The BoE, which has made two emergency cuts to interest rates this month, boosted its bond-buying programme by a further 9% of British economic output, and taken a string of other measures to help lending, is likely to hold off on further action when it makes a statement at 1200 GMT after its scheduled March meeting.
Governor Andrew Bailey, who has been in the job for less than two weeks, and other top BoE officials have suggested they will not cut the Bank Rate from its new all-time low of 0.1% into negative territory.
Instead, they are likely to underscore their determination to take more radical measures - probably a further increase in their quantitative easing programme - if needed to steer Britain's economy out of its expected slump.
This week, the U.S. Federal Reserve took the unprecedented step of saying it will expand its asset purchases by as much as needed to stabilise frantic financial markets.
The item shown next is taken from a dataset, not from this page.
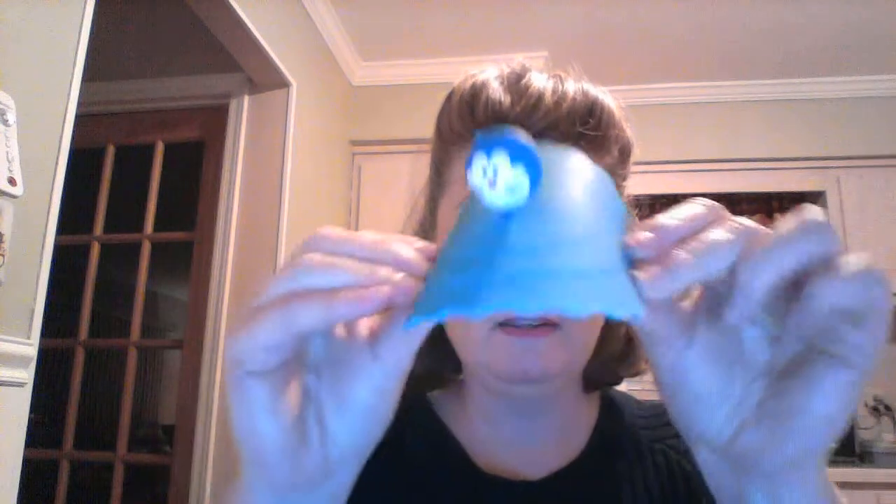The second cover is blue. I called it a penguin but I really don't know — it might be a seal. Either way, it's really cute. Very nice vibrant blue color. The colors are nice and bright, and same thing — nice and bendable.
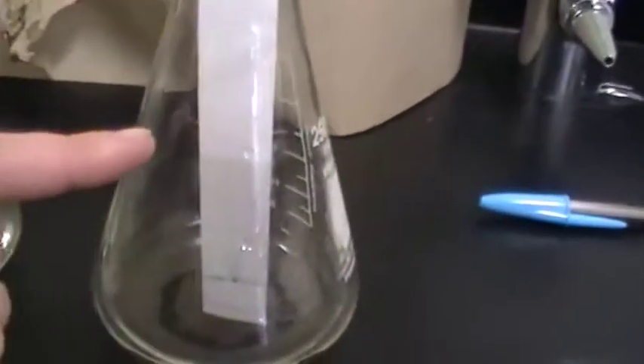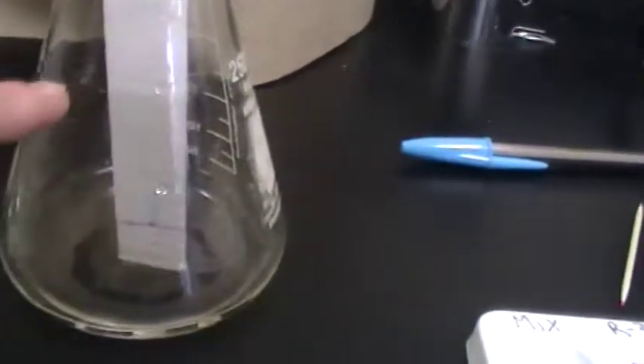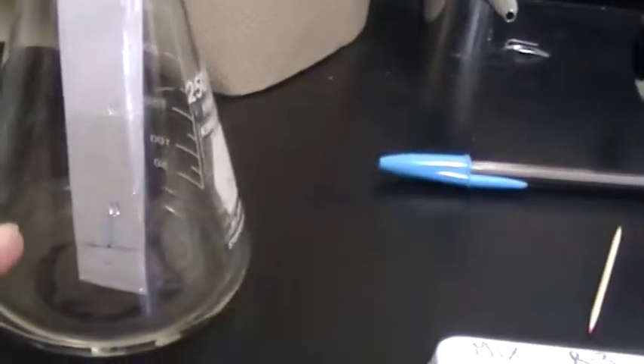And then we have — look — here we have our solvent front so far, if you can see it. It's kind of darker. And then here we have our solvent going up. And then there's our dye right there — the blue spot.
"Our guess is... that no further purchases will be announced tomorrow," JPMorgan economist Allan Monks said in a note to clients on Wednesday.
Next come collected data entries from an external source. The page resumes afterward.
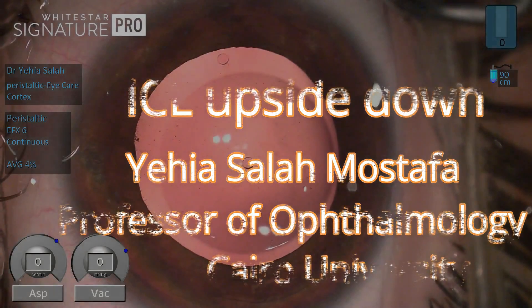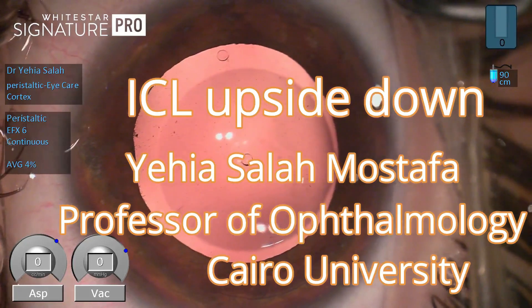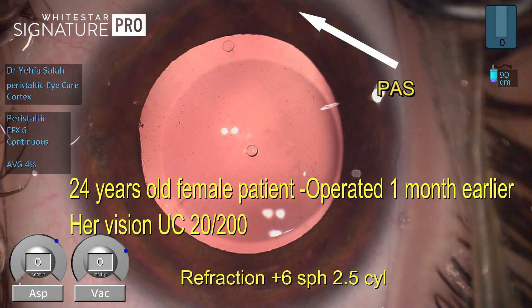This is a case of a young patient who was operated a month earlier with ICL implantation for correction of minus 5 myopia.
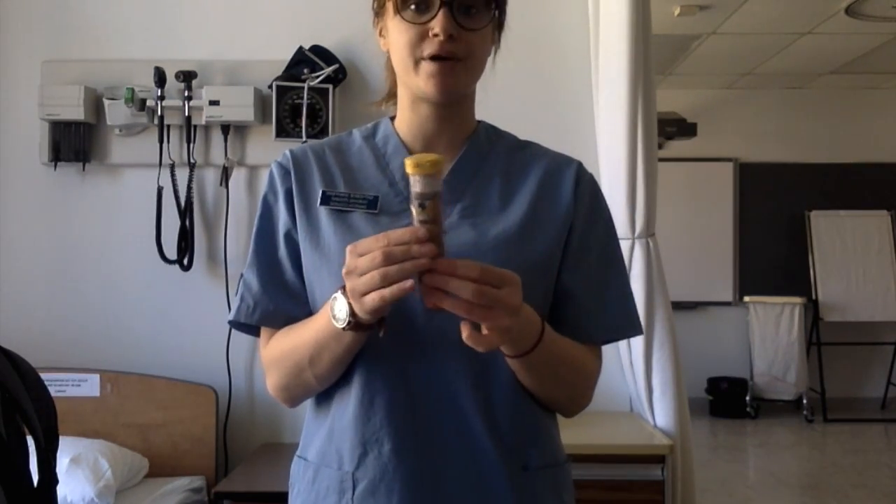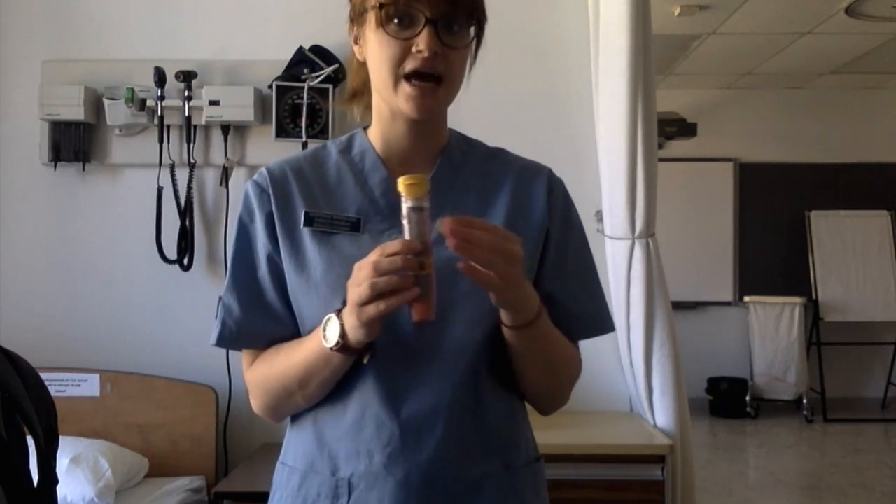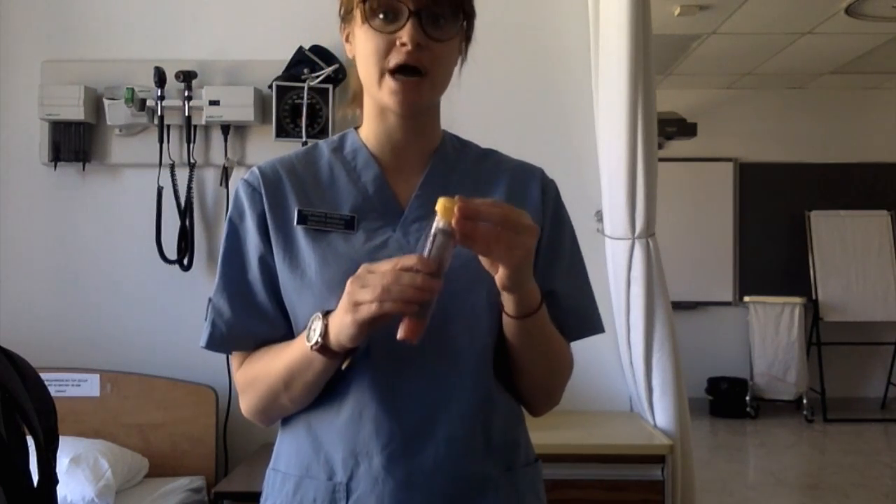The first thing you should remember is that the EpiPen comes in a yellow container. This yellow container means it's an adult dose. If it were in a green container, it would mean it's a child dose.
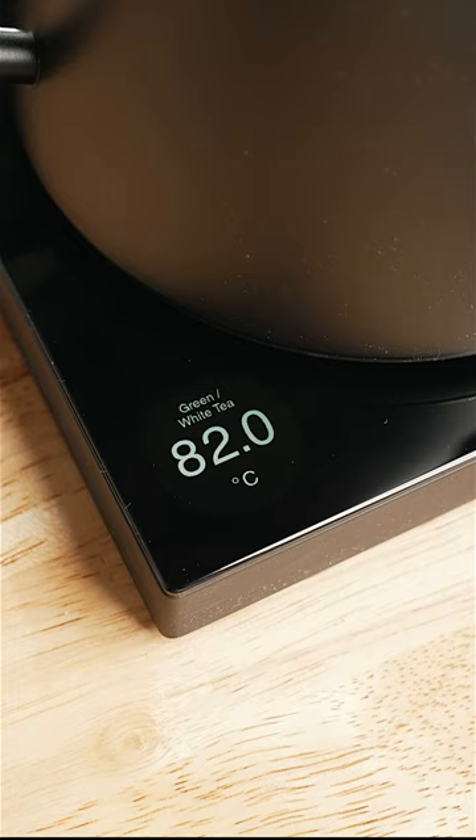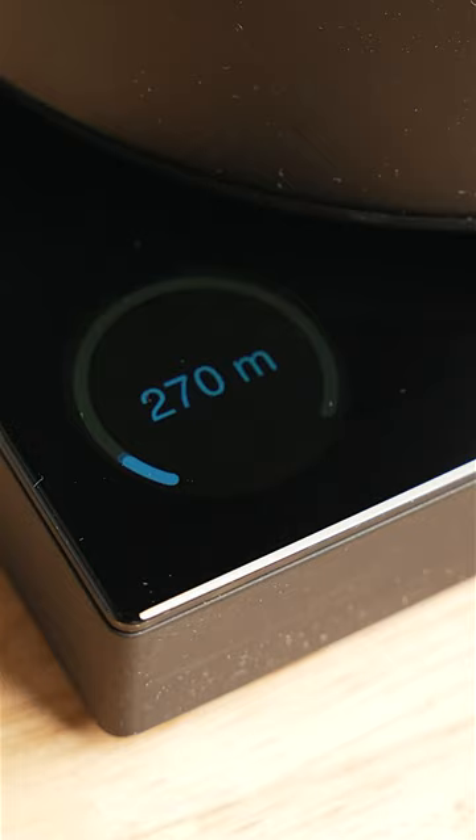Guide makes it easy to set the kettle to different brew methods: French press, AeroPress, or V60. And Altitude allows you to program your kettle to avoid overboiling your water if you find yourself in the mountains of Peru.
"But we think the BoE will end up announcing additional asset purchases by the May meeting, especially if it becomes clear that the fiscal deficit is likely to exceed 10% of GDP as we suspect."
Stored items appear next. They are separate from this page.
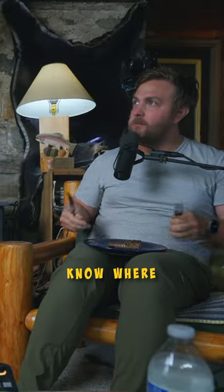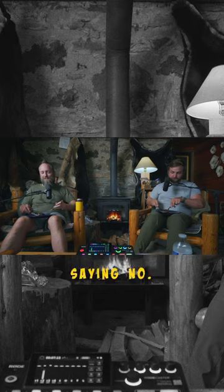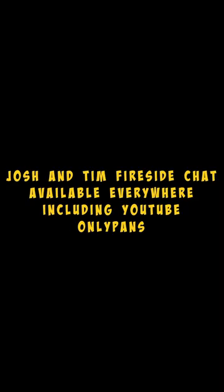For somebody that doesn't know where backstrap comes from — it's the piece of meat along the spine, down the back on either side of the bone. It's basically a long loin. But this tastes like sage. No, it tastes like sagebrush, bro. Verdict's in, guys — this was a freaking sage buck.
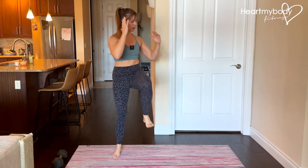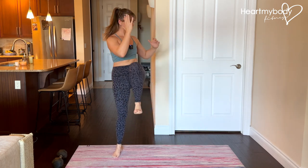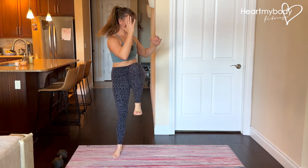As you get comfortable with this, you can add speed. Inhale down and exhale up.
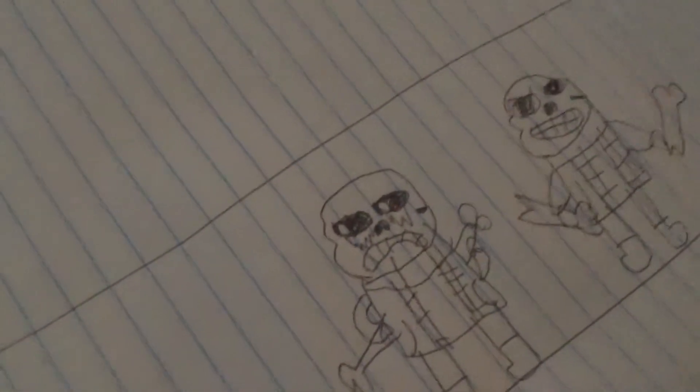I literally made Underwear's Disbelief Sans. I'm good at drawing. And I also drew — hold up — yes, I did draw that. This thing — I made Story Panties.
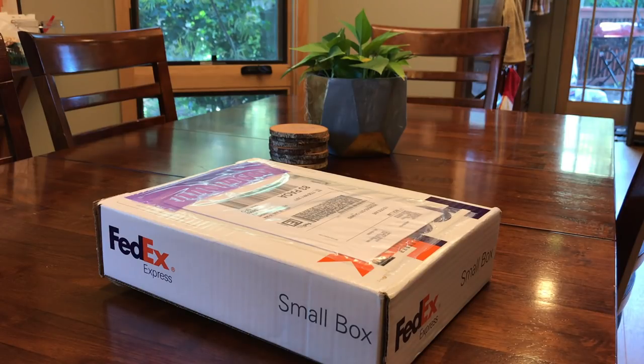Hey everybody, my name is Nick, and I'm one of the early backers for the Arsenal. I'm really excited to share an unboxing video with you guys today.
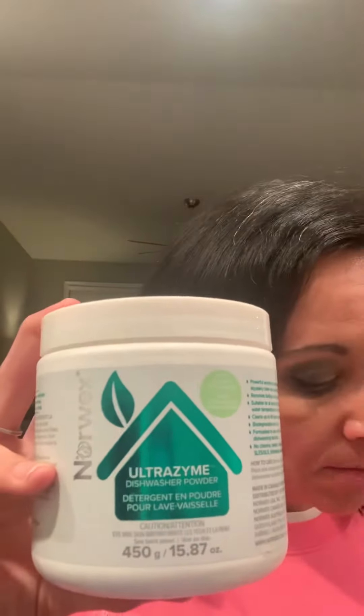No animal testing, no animal-derived ingredients — just make sure you know that Norwex never tests on animals. It's free from dyes, ammonia-free, bleach-free, and phosphate-free.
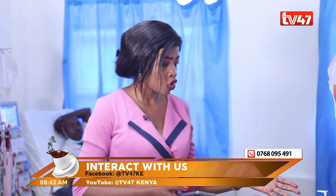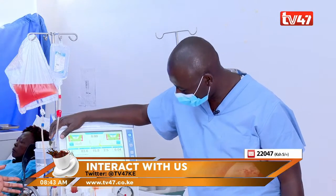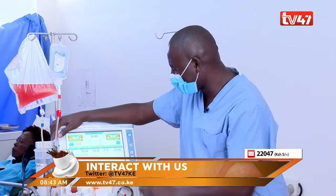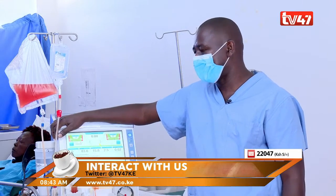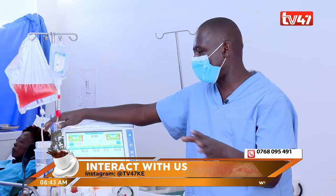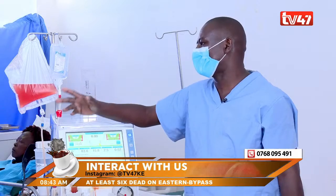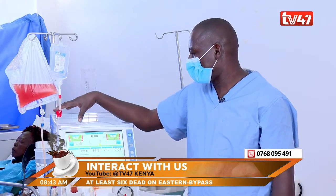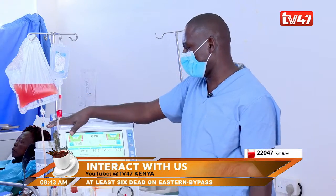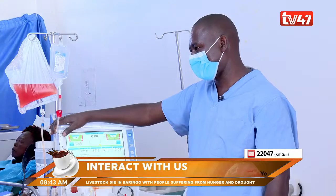Here we are, and this is the machine. This machine is called Cabro K-98. We have another one called Nipro. They're different types but they're doing the same thing. This is the machine which a patient uses for four hours of doing dialysis.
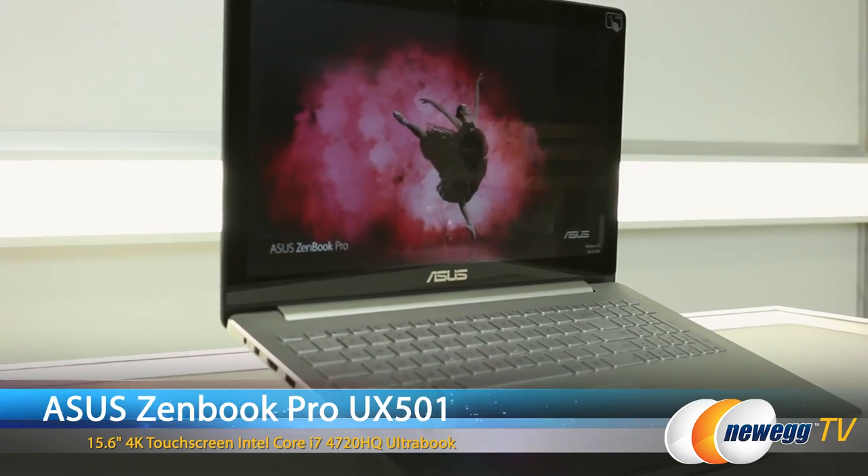Hi everybody, this is Nick with Newegg and I'm here with Twan from ASUS. And so what do we have to take a look at here today? So we have our new ZenBook Pro UX501 laptop.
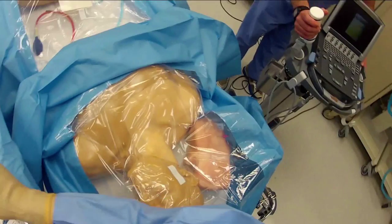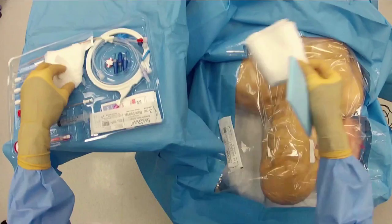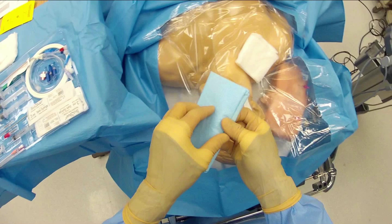We're going to get rid of all the paper and get it out of the way, remove some of the inserts and the informational packaging. We'll make sure the 4x4s are where we want them, and then we have the sterile sheet that we've opened into our field.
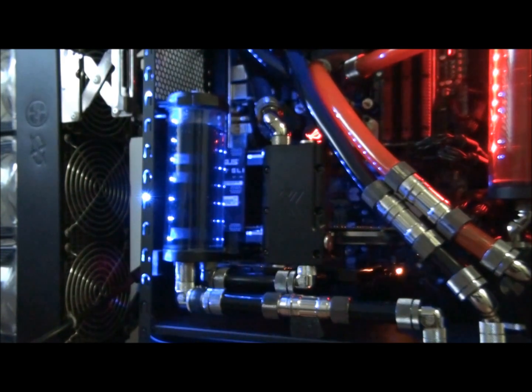I'm going to be putting a water block on a graphics card. The specifications of the water block are: it's a EK FC580 GTX GW water block, and it's a nickel plexi block. Basically that's a full cover water block from EK, and it's a water block that's only just come out — it's for the non-reference GTX 580s.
Finance minister Rishi Sunak, who has unveiled a string of huge, debt-funded stimulus measures, is expected to explain on Thursday how he plans to support Britain's 5 million self-employed workers through the crisis.
On Wednesday, officials said nearly half a million people filed welfare claims over the previous nine days.
Last week, Sunak took the historic step of announcing that the British state would pay 80% of the wages of private sector workers, who number around 28 million, in a bid to reduce an expected surge in unemployment.
The 39-year-old former Goldman Sachs analyst, who was thrust into the crisis in his first few days in office just like Bailey at the BoE, has faced criticism that uncertainty about how the government will help the self-employed has left many independent workers with little choice but to ignore calls to stay at home.
But the scale of the hit to the economy - some forecasters are warning of the deepest recession in a century - and prolonged uncertainty about how long the shutdown will last mean further action is likely ahead.